To Jobst we also owe the insight that in the context of "lottery methods" a
non-coercive, proportionately fair, full consensus solution always does
exist!

Jobst has led the search for the simplest minimal entropy solutions. A
zero-entropy solution is necessarily minimal. If there is no zero entropy
consensus, then by definition there is no deterministic consensus.

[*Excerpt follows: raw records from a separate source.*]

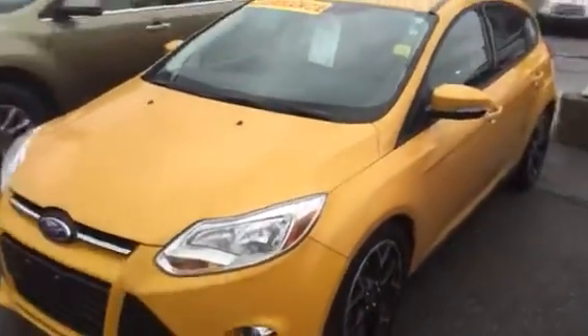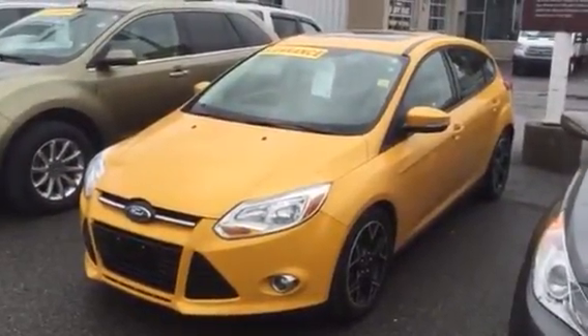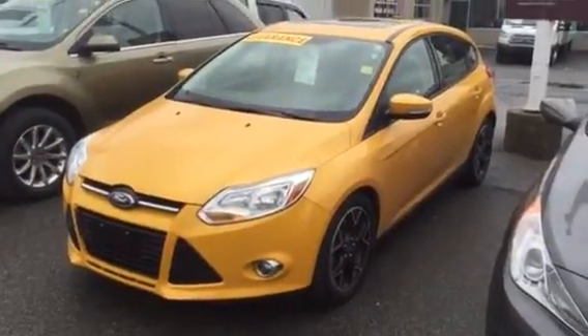Lots of nice bells and whistles and definitely going for a smoking deal. Again, Grant Schubert from Donnelly Ford Lincoln in Ottawa, Ontario. Let me know when you can make it down — or your dad can make it down — and we'll go from there.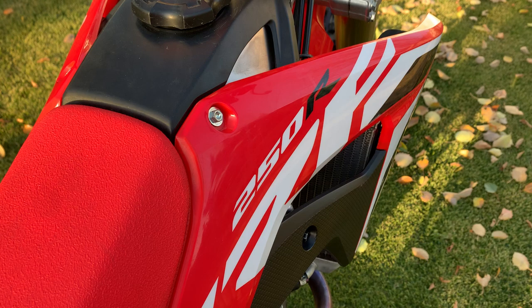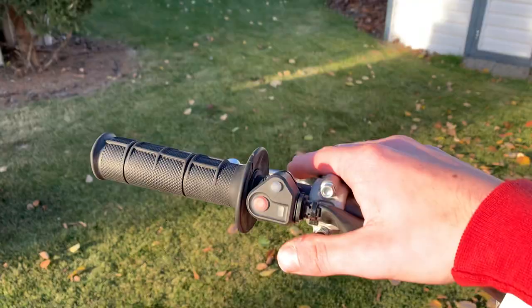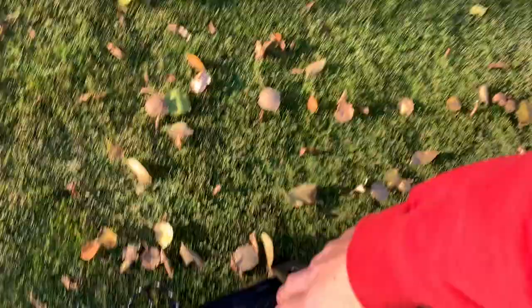The controls that you get taught starting out riding a dirt bike: you have your throttle, your front brake, your clutch which helps you shift gears and makes you go faster or slower. You have your shifter here and you have your back brake. Those are the simple main tools to start riding.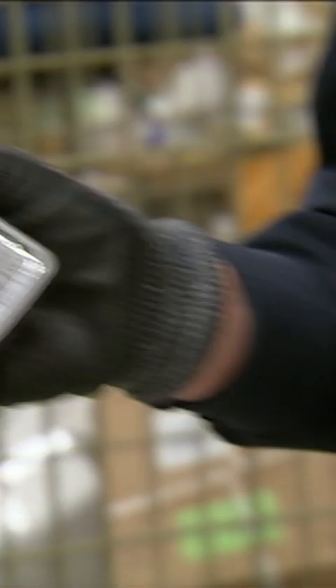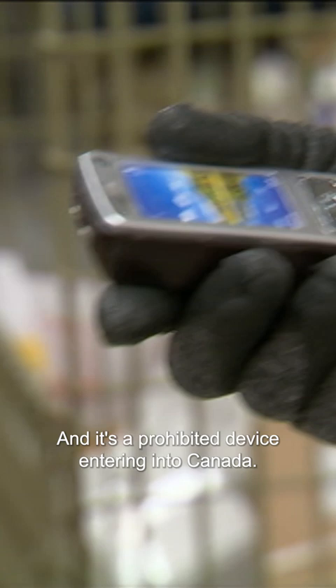There we go — it's a high-powered stun gun in a cell phone format. We do have a light which shows that it's active, and we have confirmation. It's a prohibitive device entering into Canada, so we want to make sure that we get these off the street.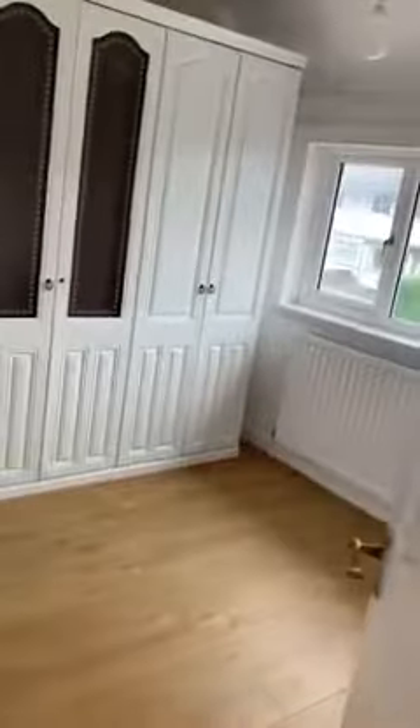Two double bedrooms here. So this is the front bedroom with pretty wardrobes. So we pan round.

There is a lot of psychological pushback against this idea ... which is
understandable ... it's the same psychology that made Einstein (and almost
everybody else) so reluctant to welcome quantum mechanics into mainstream
physics a century ago.

This psychology is perhaps reflected in the traditional designation "random
dictator" for the benchmark lottery more neutrally known as, "random ballot
choice."

Game theorists have known for ages that for some games no "pure" strategy
is optimal ... mixed strategies are sometimes indispensable. What is a
mixed strategy? It is a mixture of pure strategies. How are they mixed
together? Stochastically, i.e. by lotteries.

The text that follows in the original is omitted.